[WHAT IS REQUIRED]: Return each entry below word for word, leaving out any image.

(Source data)
<<<<
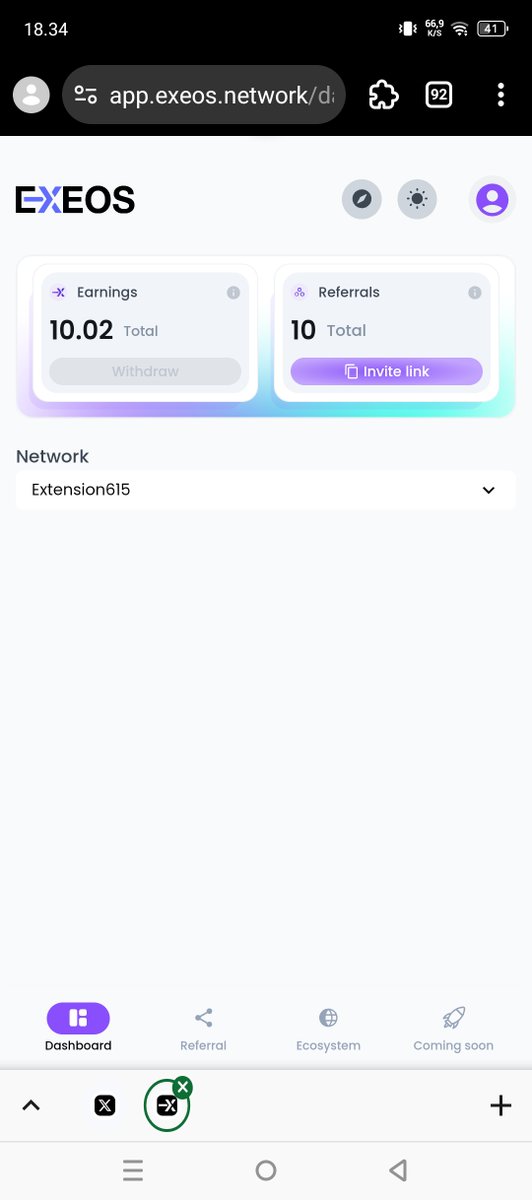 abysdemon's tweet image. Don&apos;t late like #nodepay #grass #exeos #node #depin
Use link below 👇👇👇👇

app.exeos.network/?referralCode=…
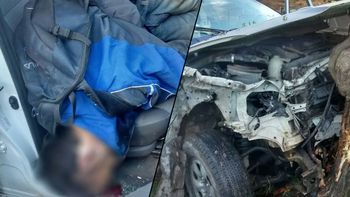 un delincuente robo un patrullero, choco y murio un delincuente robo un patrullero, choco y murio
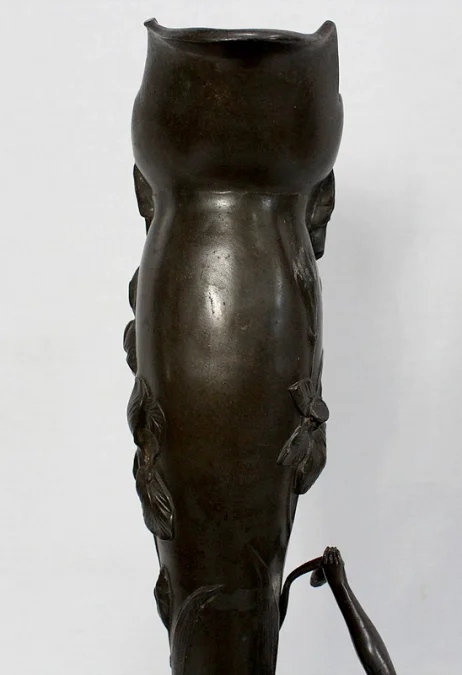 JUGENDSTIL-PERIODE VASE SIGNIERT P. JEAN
>>>>
[ANSWER FOR THIS EXERCISE]:
 abysdemon's tweet image. Don&apos;t late like #nodepay #grass #exeos #node #depin
Use link below 👇👇👇👇

app.exeos.network/?referralCode=…
 un delincuente robo un patrullero, choco y murio un delincuente robo un patrullero, choco y murio
 JUGENDSTIL-PERIODE VASE SIGNIERT P. JEAN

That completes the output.